§ **Assigned task**
The first line of the entries below, the line containing "BMW F10 550I", and every line between them should be repeated exactly, and nothing else.

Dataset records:
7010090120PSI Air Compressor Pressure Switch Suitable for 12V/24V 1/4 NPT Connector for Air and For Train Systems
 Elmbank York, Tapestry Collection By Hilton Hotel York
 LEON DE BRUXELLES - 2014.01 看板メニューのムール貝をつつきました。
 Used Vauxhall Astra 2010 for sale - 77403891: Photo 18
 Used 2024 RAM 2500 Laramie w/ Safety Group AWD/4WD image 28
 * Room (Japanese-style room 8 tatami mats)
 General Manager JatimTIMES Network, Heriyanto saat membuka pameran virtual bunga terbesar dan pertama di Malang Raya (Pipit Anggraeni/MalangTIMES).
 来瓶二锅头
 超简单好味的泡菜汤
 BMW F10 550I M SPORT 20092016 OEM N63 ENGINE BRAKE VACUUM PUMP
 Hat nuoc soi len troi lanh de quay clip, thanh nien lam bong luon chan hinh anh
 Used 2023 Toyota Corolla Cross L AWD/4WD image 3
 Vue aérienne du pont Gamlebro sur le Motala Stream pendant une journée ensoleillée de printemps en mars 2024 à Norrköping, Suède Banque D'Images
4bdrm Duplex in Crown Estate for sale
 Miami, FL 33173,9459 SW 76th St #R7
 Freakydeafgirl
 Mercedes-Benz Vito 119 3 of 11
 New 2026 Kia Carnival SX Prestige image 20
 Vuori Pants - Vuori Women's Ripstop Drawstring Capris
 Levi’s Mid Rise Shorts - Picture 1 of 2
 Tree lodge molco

§ **Result for this exercise**
7010090120PSI Air Compressor Pressure Switch Suitable for 12V/24V 1/4 NPT Connector for Air and For Train Systems
 Elmbank York, Tapestry Collection By Hilton Hotel York
 LEON DE BRUXELLES - 2014.01 看板メニューのムール貝をつつきました。
 Used Vauxhall Astra 2010 for sale - 77403891: Photo 18
 Used 2024 RAM 2500 Laramie w/ Safety Group AWD/4WD image 28
 * Room (Japanese-style room 8 tatami mats)
 General Manager JatimTIMES Network, Heriyanto saat membuka pameran virtual bunga terbesar dan pertama di Malang Raya (Pipit Anggraeni/MalangTIMES).
 来瓶二锅头
 超简单好味的泡菜汤
 BMW F10 550I M SPORT 20092016 OEM N63 ENGINE BRAKE VACUUM PUMP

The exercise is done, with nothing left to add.